AI agents invoke eval_tool_call_accuracy to trigger actions in Multivon. What it does depends on the arguments the agent supplies, and its effects often reach beyond the immediate call — builds kicked off, notifications sent, workflows started.
The tool name suggests it evaluates tool call accuracy, likely running some form of execution or assessment against tool calls. Given the server context ('direct access to evaluation tools') and sibling tools that perform evaluations, this likely executes an evaluation process. However, with an empty description, confidence is lowered.
From the tool's definition Tool name: eval_tool_call_accuracy; description is empty/uninformative.
Attacks that exploit this kind of access
eval_tool_call_accuracy. It is categorised as a Execute tool in the Multivon MCP Server, which means it can trigger actions or run processes. Use rate limits and argument validation.
Register the Multivon MCP server in PolicyLayer and add a rule for eval_tool_call_accuracy: allow, deny, rate-limit, or require approval. Point your MCP client at the PolicyLayer proxy URL and the rule is enforced on every call, before it reaches Multivon. Nothing to install.
eval_tool_call_accuracy is a Execute tool with high risk. Execute tools should be rate-limited and have argument validation enabled.

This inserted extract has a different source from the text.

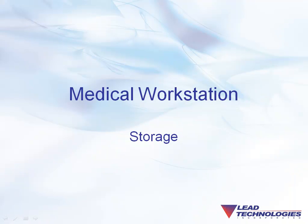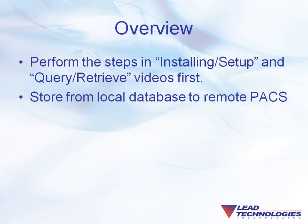This video will show you how to use our medical workstation viewer to store a data set from the workstation's local database to a remote PACS server.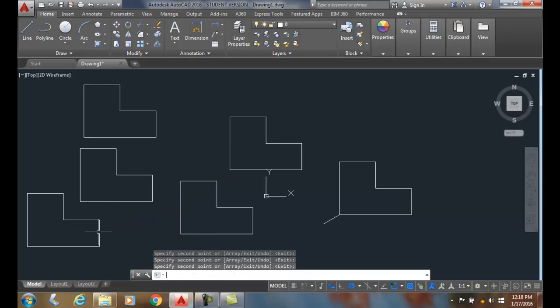So copying objects is the command that we use to duplicate existing objects.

Yes. Add a rate_limit block to the eval_tool_call_accuracy rule in your PolicyLayer policy. For example, setting max: 10 and window: 60 limits the tool to 10 calls per minute. Rate limits are tracked per agent session and reset automatically.
Set action: deny in the PolicyLayer policy for eval_tool_call_accuracy. The AI agent will receive a policy violation error and cannot call the tool. You can also include a reason field to explain why the tool is blocked.
eval_tool_call_accuracy is provided by the Multivon MCP server (multivon-ai/multivon-mcp). PolicyLayer sits as a proxy in front of this server to enforce policies before tool calls reach the server.
Every MCP server has a record like this.
Type a name, get the same breakdown: verified identity, auth posture, risk grade, capabilities, recommended policy.